A Dios no le tomó por sorpresa la rebelión y caída de la primera pareja humana66, ni eso le obligó a concebir apresuradamente un supuesto “plan B” que consistiría en enviar a su Hijo al mundo para redimirnos de nuestros pecados y reconciliarnos con Él por medio de la cruz67. No es esto lo que enseña la Biblia, cuando nos habla de la revelación del “misterio escondido desde los siglos en Dios”68 o del “propósito eterno que hizo en Cristo Jesús nuestro Señor”69. Ni tampoco cuando se refiere a Jesús como “el Cordero que fue inmolado desde el principio del mundo”70. No, aquel fue su “plan A”. ¡O más bien su único plan! Porque no había concebido ningún otro ni tenía necesidad de hacerlo. Ya que Dios es “el que hace todas las cosas según el designio de su voluntad”71 y no puede ser estorbado por nada ni por nadie cuando se propone llevar algo a cabo72. La misma muerte de Jesús, perpetrada por sus enemigos físicos y espirituales73, no constituyó la victoria de estos sino que cumplió el plan eterno de redención de Dios74.
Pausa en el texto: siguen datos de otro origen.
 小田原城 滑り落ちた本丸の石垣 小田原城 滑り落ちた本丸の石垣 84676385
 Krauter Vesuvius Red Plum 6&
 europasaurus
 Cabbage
Es evidente que ese plan que Dios había determinado no lo realizaría por medio de Adán, sino de Jesús. Y no sería un plan de creación, sino de redención —o de segunda creación75, si se quiere—: de rescate y reconciliación con Dios de todas las cosas que el primer hombre, Adán —el hombre “terrenal”—, habría echado a perder. Esto se llevaría a cabo mediante la muerte vicaria y la resurrección de, nuestro Señor Jesucristo76. Él sería quien, resucitando, proveyera esa nueva humanidad77 destinada a heredar, poblar y gobernar la tierra en la nueva Creación78. Una nueva humanidad portadora de la imagen divina que Dios quería ver en el hombre: la imagen de su amado Hijo Jesús 79.
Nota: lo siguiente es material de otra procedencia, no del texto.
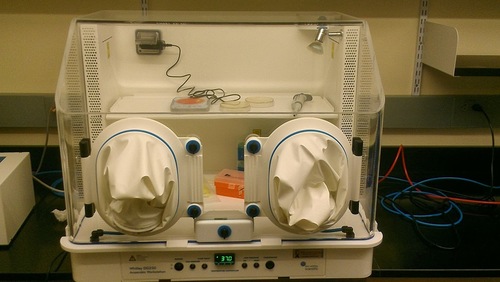 Anaerobic Glove Box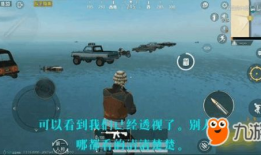 和平精英最新爆料bug,玩家体验大打折扣！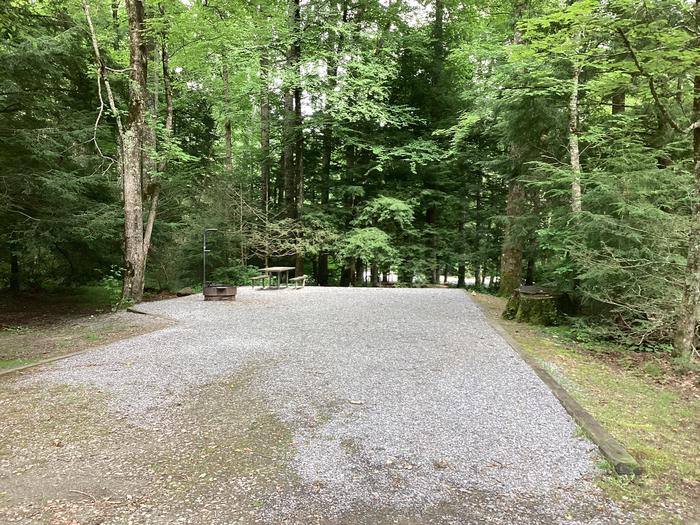 A photo of Site 021 of Loop Upper at BLACK MOUNTAIN CAMPGROUND with Picnic Table, Fire Pit, Shade, Lantern Pole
Para que el propósito de Dios al crearlo todo alcanzara su “apoteosis”80 se necesitaba, primeramente, el paso del tiempo, a fin de que los seres humanos se propagaran y llenaran la tierra81. En segundo lugar, aunque Dios lo dejó en manos de ellos, está claro que Él quería que el hombre y la mujer comieran del árbol de la vida y vivieran para siempre82. Esto lo corroboró enviando a Jesús para dar vida eterna a cuantos creyeran en Él83. Y, por último, su plan eterno llevaba implícito que el ser humano tendría que ejercer autoridad y administrar la tierra y al resto de sus criaturas, para lo cual lo había creado a su imagen y semejanza84.
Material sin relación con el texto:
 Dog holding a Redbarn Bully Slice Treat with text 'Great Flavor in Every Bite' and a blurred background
“¿Qué es el hombre —se pregunta David—, para que tengas de él memoria, y el hijo del hombre para que lo visites? Le has hecho poco menor que los ángeles, y lo coronaste de gloria y de honra. Le hiciste señorear sobre las obras de tus manos; todo lo pusiste debajo de sus pies”. A lo que responde el escritor de Hebreos: “Pero todavía no vemos que todas las cosas le sean sujetas. Pero vemos a aquel que fue hecho un poco menor que los ángeles, a Jesús, coronado de gloria y de honra…”85.
Dios no sujetó a los ángeles el mundo venidero, sino a los seres humanos86, lo cual quedó pospuesto —al igual que la inmortalidad— por la caída del hombre, a fin de que el propósito eterno de Dios se cumpliera por medio de Jesús. Él es la cabeza de la nueva humanidad87, “hechura suya, creados en Cristo Jesús para buenas obras”88 y destinados juntamente con Jesús a heredar89 la nueva Creación, “libertada de la esclavitud de corrupción a la libertad gloriosa de los hijos de Dios”90. ¿Puede haber un mensaje más esperanzador, humanista y ecologista que el de la Biblia?